> **PROBLEM TO WORK ON**
Find the lines below that contain the string "Lighting". Copy each one.

Short text fragments from websites
━━━

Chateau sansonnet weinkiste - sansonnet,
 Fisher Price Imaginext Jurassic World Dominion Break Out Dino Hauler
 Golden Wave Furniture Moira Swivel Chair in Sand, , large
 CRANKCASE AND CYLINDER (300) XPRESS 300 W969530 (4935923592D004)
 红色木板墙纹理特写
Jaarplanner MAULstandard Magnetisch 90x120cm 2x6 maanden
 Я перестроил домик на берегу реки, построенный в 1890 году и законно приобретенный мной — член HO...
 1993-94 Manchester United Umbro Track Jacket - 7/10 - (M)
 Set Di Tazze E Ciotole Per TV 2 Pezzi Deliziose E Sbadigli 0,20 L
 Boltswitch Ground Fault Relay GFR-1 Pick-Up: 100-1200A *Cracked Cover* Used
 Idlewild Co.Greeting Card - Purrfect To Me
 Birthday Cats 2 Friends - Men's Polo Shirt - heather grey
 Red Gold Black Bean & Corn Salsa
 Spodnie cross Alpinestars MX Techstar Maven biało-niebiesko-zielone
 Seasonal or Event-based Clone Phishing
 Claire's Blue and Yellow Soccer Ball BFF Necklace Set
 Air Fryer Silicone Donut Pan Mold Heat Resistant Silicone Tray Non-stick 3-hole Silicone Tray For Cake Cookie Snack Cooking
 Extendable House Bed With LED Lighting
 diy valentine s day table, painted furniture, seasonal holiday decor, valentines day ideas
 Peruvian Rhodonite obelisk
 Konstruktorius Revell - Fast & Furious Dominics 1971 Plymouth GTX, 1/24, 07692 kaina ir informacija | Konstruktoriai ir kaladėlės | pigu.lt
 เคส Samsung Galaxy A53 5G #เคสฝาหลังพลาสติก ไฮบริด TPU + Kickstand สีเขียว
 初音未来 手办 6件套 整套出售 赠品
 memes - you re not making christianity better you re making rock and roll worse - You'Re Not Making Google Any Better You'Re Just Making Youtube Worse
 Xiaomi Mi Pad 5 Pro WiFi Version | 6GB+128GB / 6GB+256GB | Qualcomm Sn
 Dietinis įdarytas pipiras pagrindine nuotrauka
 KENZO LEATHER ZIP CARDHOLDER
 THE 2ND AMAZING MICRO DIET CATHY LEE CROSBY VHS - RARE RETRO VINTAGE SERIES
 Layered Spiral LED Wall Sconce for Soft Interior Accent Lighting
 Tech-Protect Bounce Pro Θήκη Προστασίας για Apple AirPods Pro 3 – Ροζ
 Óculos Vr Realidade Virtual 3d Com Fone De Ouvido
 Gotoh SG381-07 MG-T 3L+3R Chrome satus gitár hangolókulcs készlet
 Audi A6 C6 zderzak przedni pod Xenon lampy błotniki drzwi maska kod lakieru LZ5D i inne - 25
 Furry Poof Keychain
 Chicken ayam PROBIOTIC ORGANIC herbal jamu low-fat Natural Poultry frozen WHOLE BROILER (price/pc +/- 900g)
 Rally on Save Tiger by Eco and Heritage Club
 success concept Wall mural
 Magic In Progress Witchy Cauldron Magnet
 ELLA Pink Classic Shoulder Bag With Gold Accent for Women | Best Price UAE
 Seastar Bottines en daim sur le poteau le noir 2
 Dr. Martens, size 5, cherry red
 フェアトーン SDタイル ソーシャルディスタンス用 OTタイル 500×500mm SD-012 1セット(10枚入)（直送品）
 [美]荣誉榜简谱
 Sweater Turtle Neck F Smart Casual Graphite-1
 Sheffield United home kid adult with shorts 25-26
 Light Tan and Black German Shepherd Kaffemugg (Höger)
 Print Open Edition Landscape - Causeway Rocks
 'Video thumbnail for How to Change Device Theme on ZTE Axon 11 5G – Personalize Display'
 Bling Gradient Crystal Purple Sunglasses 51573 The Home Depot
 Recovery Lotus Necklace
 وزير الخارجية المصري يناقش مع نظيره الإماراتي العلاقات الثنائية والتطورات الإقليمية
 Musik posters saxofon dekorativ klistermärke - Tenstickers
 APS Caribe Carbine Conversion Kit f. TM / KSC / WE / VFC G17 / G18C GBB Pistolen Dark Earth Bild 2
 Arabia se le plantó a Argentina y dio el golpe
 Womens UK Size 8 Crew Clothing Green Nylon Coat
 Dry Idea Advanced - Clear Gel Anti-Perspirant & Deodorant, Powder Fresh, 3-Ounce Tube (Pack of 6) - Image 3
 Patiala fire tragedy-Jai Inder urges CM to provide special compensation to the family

━━━

> **SOLUTION**
 Extendable House Bed With LED Lighting
 Layered Spiral LED Wall Sconce for Soft Interior Accent Lighting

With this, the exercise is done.